> EXERCISE REQUIREMENTS
A verbatim repeat of the lines below is required, with the pictures removed.

======== DATA BELOW ========

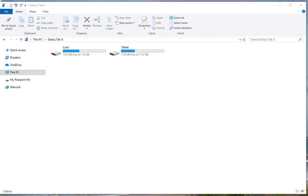The best way to store your maps on your tablet is not on the tablet itself, but actually on an SD card that you can put into the side of the tablet. And then you can change the size of that card depending on how many maps you've got.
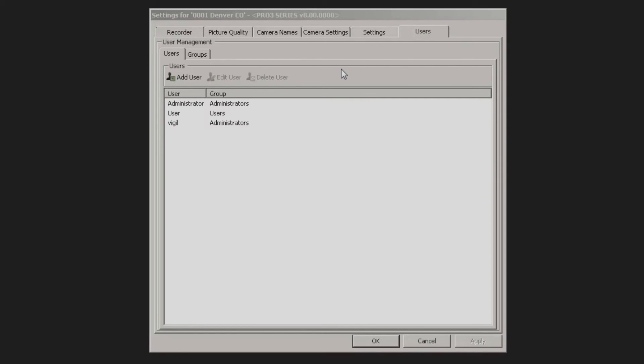So be aware there's a very big difference between the server settings and the client settings, but that's how you access each one of those through the Vigil Client 8.0 software.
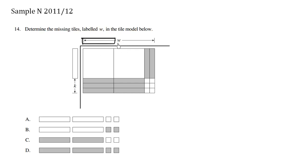And x times—we have another white x piece here. X times x is x squared. It works out.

========

> TASK RESULT
The best way to store your maps on your tablet is not on the tablet itself, but actually on an SD card that you can put into the side of the tablet. And then you can change the size of that card depending on how many maps you've got.
So be aware there's a very big difference between the server settings and the client settings, but that's how you access each one of those through the Vigil Client 8.0 software.
And x times—we have another white x piece here. X times x is x squared. It works out.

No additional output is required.